Tankmates: Many so long as they are large enough to not fit into an angel's mouth. Larger Tetras, Corys, Rams, Red Cherry or Gold Barbs, etc. Also, avoid known fin nippers. Do not keep with Danios, Tiger Barbs.
General Care: Angels have a reputation to be difficult to care for. But they really are easy! Angels are very sensitive to nitrogen waste (ammonia, nitrite and nitrate). They do best when kept in a tank with 20PPM nitrate or less and no measurable ammonia or nitrite. Temps 77-82F (25-30C); pH 8.0 or lower; prefer soft water but can be acclimated to moderately hard water. Angels really shine in a planted tank too.
Feeding: They eat just about anything! Flakes, pellets, algae wafers, shrimp pellets, live foods such as tiny fish, shrimp, even fresh fruits and vegetables.
Diseases: Angels are susceptible to many diseases. But keep them in the right environment with a variety of foods, including fresh garlic, and they will thrive disease free.
Breeding: With a mated pair, breeding is actually easy. Some parents will care for their eggs and raise the young while others never quite get the hang of it.
Sexing: Very difficult, but there are certain traits that are helpful in determining sex. The only way to be 100% confident is to watch them breed. The female's papilla will be very thick and blunt while the male's is thin and pointed.
Inducing spawning: First, the mated pair should be conditioned with high quality foods, extra water changes to minimize the waste level of the tank (<10PPM nitrate) and the temperature raised to 80-83F (26-28C). Then, when ready to attempt to induce spawning, do a large water change (>75%) and fill with water that is a couple of degrees cooler.
Care of eggs: When parent raising, small daily water changes. The parents will become aggressive while cleaning the tank, so be prepared! Or artificially raising them yourself. Eggs can be hatched in a 1G jar with an airstone to have constant water circulation around the eggs. Once hatched, the jar will need morning and night water changes.
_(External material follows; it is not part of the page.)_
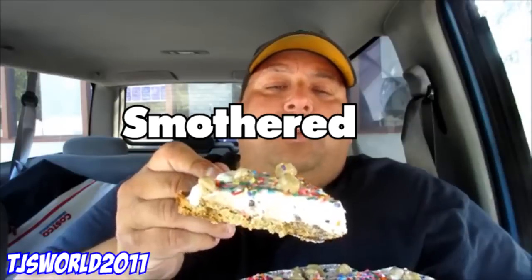Cookie dough smothered in marshmallow on top, with chocolate chip cookie dough — look at that, everyone. That looks good. Let's try this out. This is Baskin-Robbins new Polar Pizza. Let's give this a shot.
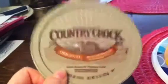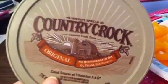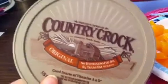And I have a favorite here. It's my Country Crock. This is the original one. I do like the one with the calcium. But Country Crock is one of my favorite butters I like to use. There's no hydrogen — it's zero trans fat. This is why I like this butter. And it has Vitamins A and D in it.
Egg development: When kept around 80F (26C), the eggs will hatch in 48 hours. They will remain attached to the surface as wrigglers for an additional 5 days before becoming free swimming. If the temperature is under 80F (26C) development will be slower and the egg sack can be used up before they are mature enough to start eating.
Feeding fry: Freshly hatched Napuli (Baby Brine Shrimp) is the best. But can also use Green Water or a powdered food. Survival rates are the greatest with napuli and are the lowest with powdered foods on the market.
Growing out fry: Water changes at least twice a week, if not more often is critical for development. Also, they need enough room to grow. The following is a good guideline:
- Up to 1 week free swimming - 1G, but better in a 2.5-5G tank
- Pea sized - 1/2 gallon for 2-3 fish
- M&M sized - 1/2 gallon for 1-2 fish
- Dime sized - 1 gallon for each fish
- Nickel sized - 5 gallon for each fish
- Quarter sized - 10 gallon for each fish
- Half Dollar sized and larger - 15 gallon for each
- Adults - 20 gallon for the first, 10 gallon for each additional fish
It is possible to crowd youngsters; however, they would require daily water changes or will become stunted.Posting comments is disabled.